A well-calibrated model produces confidence scores that reflect empirical accuracy: when it says it is 80% confident, it should be correct approximately 80% of the time. Many neural networks are overconfident by default.

Ludwig supports temperature scaling (Guo et al., ICML 2017) directly in the decoder config — no post-processing step needed.

What is temperature scaling?

Temperature scaling divides the logits by a learnable scalar T before applying softmax:

p = softmax(logits / T)
  • T > 1 softens the distribution (reduces overconfidence).
  • T < 1 sharpens the distribution (rarely needed).
  • T = 1 is the uncalibrated model.

Temperature scaling never changes the argmax prediction — it only re-shapes the probability distribution. The scalar T is fit on the validation set after normal training completes.

Configuration

Add calibration: temperature_scaling to the decoder section of any category output feature:

model_type: ecd

input_features:
  - name: text
    type: text
    encoder:
      type: bert
      use_pretrained: true
      trainable: false

output_features:
  - name: label
    type: category
    decoder:
      type: classifier
      calibration: temperature_scaling

trainer:
  epochs: 10
  optimizer:
    type: adamw
    lr: 2.0e-5

Ludwig automatically runs temperature scaling on the validation split at the end of training and serializes T with the model. The learned temperature is applied transparently at inference.

Full pipeline example

import pandas as pd
from ludwig.api import LudwigModel
from sklearn.model_selection import train_test_split

df = pd.read_csv("agnews.csv")
train_df, test_df = train_test_split(df, test_size=0.2, random_state=42)
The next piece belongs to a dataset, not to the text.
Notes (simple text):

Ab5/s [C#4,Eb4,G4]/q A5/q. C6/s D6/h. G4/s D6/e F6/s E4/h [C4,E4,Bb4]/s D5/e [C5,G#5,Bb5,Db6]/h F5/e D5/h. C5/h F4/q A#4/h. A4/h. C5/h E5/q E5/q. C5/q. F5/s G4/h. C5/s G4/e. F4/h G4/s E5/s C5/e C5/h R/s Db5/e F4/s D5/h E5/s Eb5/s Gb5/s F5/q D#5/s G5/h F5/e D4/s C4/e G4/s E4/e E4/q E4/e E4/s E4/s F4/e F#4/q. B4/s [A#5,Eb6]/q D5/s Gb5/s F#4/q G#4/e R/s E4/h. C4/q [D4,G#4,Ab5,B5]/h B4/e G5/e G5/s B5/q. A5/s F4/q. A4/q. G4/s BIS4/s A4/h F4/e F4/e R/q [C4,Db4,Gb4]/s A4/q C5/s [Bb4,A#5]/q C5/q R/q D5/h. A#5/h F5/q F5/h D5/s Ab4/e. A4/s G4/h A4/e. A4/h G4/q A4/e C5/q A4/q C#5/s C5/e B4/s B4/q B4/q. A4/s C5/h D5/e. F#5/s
model = LudwigModel(config="calibrated_config.yaml", logging_level=1)
model.train(dataset=train_df, output_directory="results/")

# Predict — returned probabilities are calibrated
predictions, _ = model.predict(dataset=test_df)
print(predictions[["label_predictions", "label_probabilities_<CAT>"]])

Evaluating calibration

Calibration is measured with the Expected Calibration Error (ECE): the weighted average of |accuracy − confidence| across probability buckets. Lower is better; a perfectly calibrated model has ECE = 0.

import numpy as np

def ece(confidences, labels, n_bins=15):
    bins = np.linspace(0, 1, n_bins + 1)
    ece = 0.0
    for lo, hi in zip(bins[:-1], bins[1:]):
        mask = (confidences > lo) & (confidences <= hi)
        if mask.sum() == 0:
            continue
        acc = labels[mask].mean()
        conf = confidences[mask].mean()
        ece += mask.mean() * abs(acc - conf)
    return ece

# Extract max probability from Ludwig predictions
confs = predictions["label_probabilities"].apply(max).values
labels = (predictions["label_predictions"] == test_df["label"].values).astype(float)
print(f"ECE: {ece(confs, labels):.4f}")

Monte Carlo dropout uncertainty

For an alternative uncertainty estimate that does not require a validation set, use MC dropout:

output_features:
  - name: label
    type: category
    decoder:
      type: mlp_classifier
      num_fc_layers: 2
      dropout: 0.2
      mc_dropout_samples: 20

With mc_dropout_samples > 0, Ludwig runs the decoder 20 times at inference with dropout active and returns the mean prediction and an uncertainty tensor capturing variance across samples.

When to calibrate

  • Safety-critical applications where predicted confidence is acted upon (medical, finance, autonomous systems).
  • Threshold-based classifiers where a specific confidence level triggers an action.
  • Ensembles and distillation — calibrated soft targets improve student model quality.
  • Retrieval and ranking — calibrated scores enable meaningful score comparison across classes.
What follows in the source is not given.